Als er aufstand, griff sie nach seiner Hand. Sie fühlte sich etwas schlaff an, aber Lilly hatte entschieden, nicht länger in jedes Detail etwas hineinzudeuten. Sie war entschlossen, den Abend zu genießen. Nach ein paar Schritten standen sie vor der Picknickdecke.
»Da wären wir«, sagte sie und grinste Jan an. Sie war immer noch stolz auf ihr Werk. Zum Glück hatte der Wind die Kerzen nicht ausgeblasen. Ihr flackernder Schein spiegelte sich in den Schüsseln, dem Silberbesteck und den Gläsern.
»Magst du die jetzt endlich aufmachen?«, sagte sie und streckte Jan die Champagnerflasche entgegen.
Er ließ ihre Hand los, ohne nach der Flasche zu greifen. Stattdessen sah er abwechselnd zu Lilly und zu der Picknickdecke ohne das kleinste Anzeichen von Freude auf seinem Gesicht.
»Das ist jetzt der wohl blödeste Zeitpunkt, dir das zu sagen«, murmelte Jan.
»Was meinst du?«, fragte Lilly.
Jan schob sich seine Schirmmütze tiefer ins Gesicht, als er weitersprach. Sie konnte seine Augen nicht mehr sehen. Seine Stimme drang hinter der fliegenden Möwe hervor. »Ich habe da jemanden kennengelernt. Eine andere Frau. Und wie es scheint, ist es was Ernstes. Eigentlich wollte ich es dir schon längst erzählen, aber ich habe nicht die richtige Gelegenheit gefunden. Es gibt ja irgendwie auch keinen guten Zeitpunkt für schlechte Neuigkeiten«, sagte die Stimme hinter der Möwe, die Lilly gerade mit ihren dämlichen Knopfaugen anstarrte.

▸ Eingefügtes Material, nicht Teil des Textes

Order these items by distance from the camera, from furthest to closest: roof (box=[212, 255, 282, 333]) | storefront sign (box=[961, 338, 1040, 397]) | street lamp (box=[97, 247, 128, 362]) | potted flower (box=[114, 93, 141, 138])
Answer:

Sie betrachtete die beiden kleinen Punkte. Die Augen des weiß-grauen Vogels waren aus dünnen Fäden aufgestickt und ragten leicht aus der Schirmmütze hervor. Sie zeigten kein Lächeln oder Mitgefühl. Es waren nur zwei leblose Kreise, die Lilly sekundenlang fixierte, ehe sie sich schüttelte, weil ihr schwindlig wurde. Alles schien so unwirklich. Sie musste sich vergewissern, ob sie überhaupt noch bei Sinnen war.
»Du willst also an unserem Jahrestag mit mir Schluss machen? Nachdem ich erst vor ein paar Monaten extra wegen dir hierhergezogen bin? Wolltest du mir das jetzt gerade mitteilen?«
»Hab ja gesagt, dass es ein blöder Zeitpunkt ist. Ich wusste auch nichts von deiner Überraschung. An unseren Jahrestag habe ich echt nicht gedacht«, antwortete Jan.

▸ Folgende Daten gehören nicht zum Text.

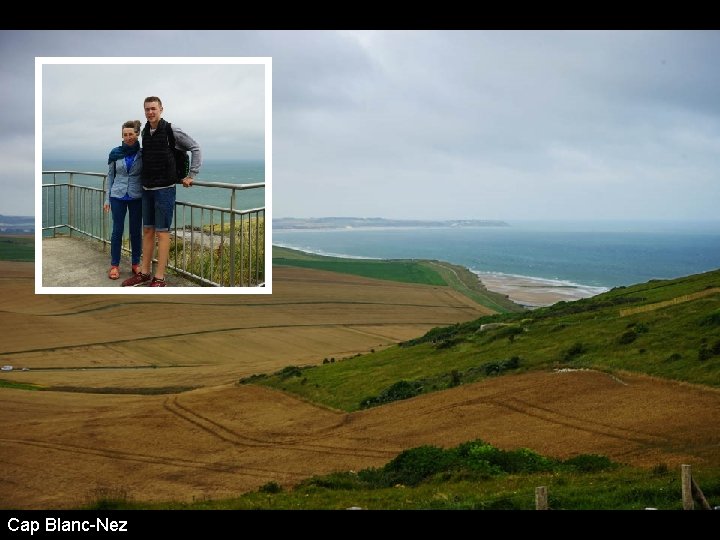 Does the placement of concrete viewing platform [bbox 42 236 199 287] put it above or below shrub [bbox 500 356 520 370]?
above

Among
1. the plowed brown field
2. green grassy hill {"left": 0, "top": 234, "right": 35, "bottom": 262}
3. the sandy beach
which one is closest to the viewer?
the plowed brown field

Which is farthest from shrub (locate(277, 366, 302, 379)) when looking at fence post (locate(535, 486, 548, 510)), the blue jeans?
fence post (locate(535, 486, 548, 510))

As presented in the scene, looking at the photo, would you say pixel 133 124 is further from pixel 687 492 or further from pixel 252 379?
pixel 252 379

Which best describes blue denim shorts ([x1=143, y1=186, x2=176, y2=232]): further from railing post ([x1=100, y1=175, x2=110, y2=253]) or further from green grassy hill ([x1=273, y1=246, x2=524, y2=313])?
green grassy hill ([x1=273, y1=246, x2=524, y2=313])

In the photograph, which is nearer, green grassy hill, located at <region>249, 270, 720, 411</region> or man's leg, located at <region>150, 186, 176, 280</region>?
man's leg, located at <region>150, 186, 176, 280</region>

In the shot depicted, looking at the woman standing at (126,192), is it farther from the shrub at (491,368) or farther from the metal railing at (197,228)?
the shrub at (491,368)

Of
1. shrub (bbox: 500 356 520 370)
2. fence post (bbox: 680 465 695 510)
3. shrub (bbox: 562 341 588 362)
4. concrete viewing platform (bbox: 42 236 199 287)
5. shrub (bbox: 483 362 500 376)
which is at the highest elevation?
concrete viewing platform (bbox: 42 236 199 287)

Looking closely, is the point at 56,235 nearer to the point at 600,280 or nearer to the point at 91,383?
the point at 91,383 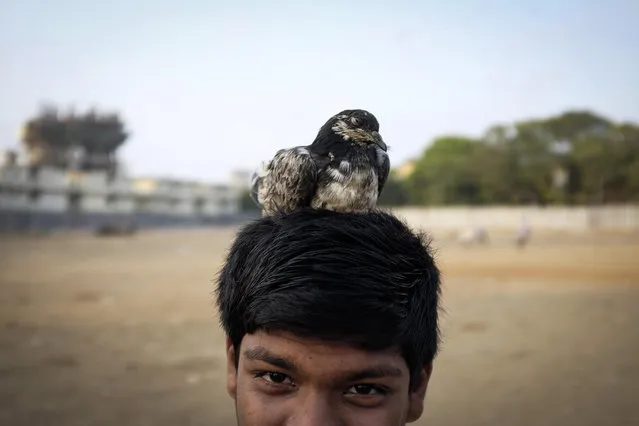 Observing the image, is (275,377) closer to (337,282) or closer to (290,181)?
(337,282)

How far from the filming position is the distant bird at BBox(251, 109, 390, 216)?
5.89 feet

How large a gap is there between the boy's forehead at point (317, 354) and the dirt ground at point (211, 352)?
0.44 m

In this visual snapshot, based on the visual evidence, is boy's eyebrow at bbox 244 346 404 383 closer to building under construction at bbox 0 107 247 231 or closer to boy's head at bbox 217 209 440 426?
boy's head at bbox 217 209 440 426

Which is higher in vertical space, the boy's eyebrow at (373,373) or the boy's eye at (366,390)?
the boy's eyebrow at (373,373)

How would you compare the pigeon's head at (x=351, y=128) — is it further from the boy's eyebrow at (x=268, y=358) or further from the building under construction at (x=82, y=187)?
the building under construction at (x=82, y=187)

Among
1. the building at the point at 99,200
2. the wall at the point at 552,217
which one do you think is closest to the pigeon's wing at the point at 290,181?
the wall at the point at 552,217

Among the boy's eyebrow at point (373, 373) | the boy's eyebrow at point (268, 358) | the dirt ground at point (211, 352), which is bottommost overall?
the dirt ground at point (211, 352)

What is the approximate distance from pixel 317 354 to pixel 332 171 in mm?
685

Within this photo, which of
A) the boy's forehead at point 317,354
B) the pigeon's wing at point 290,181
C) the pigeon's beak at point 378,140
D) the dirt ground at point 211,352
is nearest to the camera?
Answer: the boy's forehead at point 317,354

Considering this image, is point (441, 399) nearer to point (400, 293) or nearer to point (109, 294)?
point (400, 293)

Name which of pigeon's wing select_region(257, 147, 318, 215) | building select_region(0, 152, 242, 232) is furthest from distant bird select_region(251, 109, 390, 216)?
building select_region(0, 152, 242, 232)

Noch immer sah er ihr nicht in die Augen. Mittlerweile zeichnete er mit seinen Turnschuhen Linien in den Sand. Die Möwe blickte Lilly unverändert mit ihren kreisrunden Augen an. Sie hätte Jan am liebsten die Mütze vom Kopf geschlagen, aber jetzt war sie es, die sich nicht vom Fleck rühren konnte. Selbst ihr Mund schien wie zusammengeklebt.
Nach einer Weile sprach Jan weiter. »Ich habe ja außerdem nie von dir erwartet, dass du hierherkommst. Das war deine Idee gewesen. Plötzlich warst du hier mit deinen Koffern. Ich meine, das hat mich am Anfang ja auch gefreut, aber trotzdem: so einfach alles aufgeben. Das hätte ich nie von dir verlangt. Das wäre gar nicht nötig gewesen – also nicht für mich jedenfalls«, sagte er.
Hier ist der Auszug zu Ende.